Donald Trump just watched as father slurred black rental applicants, says employee

Impact

Republican presidential nominee Donald Trump, already having weathered innumerable controversies throughout his campaign for the nation's highest office, now stands accused of standing idly by as his father rejected a black rental applicant with a racial slur.

In an interview with NBC News released Wednesday, former rental agent Stanley Leibowitz recalled when New York schoolteacher Annette Gandy Fortt applied to live in a Trump property in 1973.

"Mr. Trump and his son Donald came into the office," Leibowitz told NBC. "I asked what I should do with this application because she's calling constantly and his response to me was, 'You know I don't rent to the N-word. Put it in a drawer and forget about it.'"

"Donald Trump was right alongside his father when I was instructed to do that," Leibowitz added.

Fortt was among those named in a Department of Justice racial discrimination suit against Fred Trump in 1973. The suit was eventually ended when the Trumps signed a consent decree two years later that did not admit guilt.

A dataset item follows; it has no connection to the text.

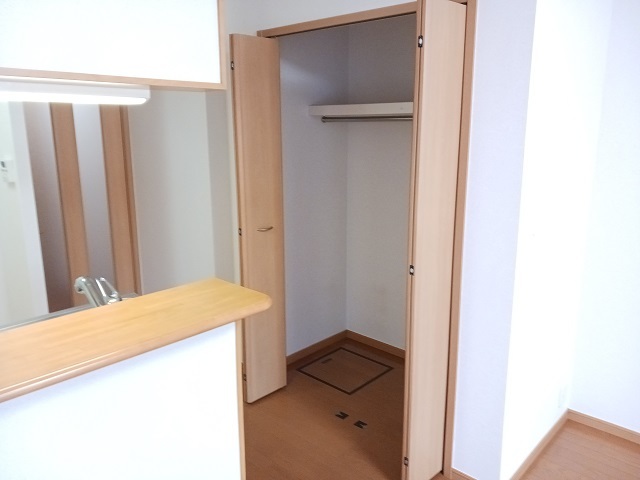 グリーンヒルズ大澤Ｃ 収納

As part of the settlement, Fortt took an apartment in a Trump building.

"I wasn't interested in suing Trump," she told NBC News. "I wasn't interested in getting money. What I wanted was a place to live ... I think it's important that history not be erased."

In September 2015, the website BoingBoing discovered an archived New York Times article showing Fred Trump was arrested at a Ku Klux Klan rally in Jamaica, Queens, in 1927 alongside several members of the hate group. However, searches of other historical sources did not specifically name the elder Trump as a member of the Klan, and it is possible he was arrested as a bystander to the rally. Trump was discharged without facing prosecution.

New York Times/BoingBoing

When Mic reporters went to the New York City archives in search of police or court records regarding Trump's case, they were told Queens documents from that time period were among the few that had disappeared from government records.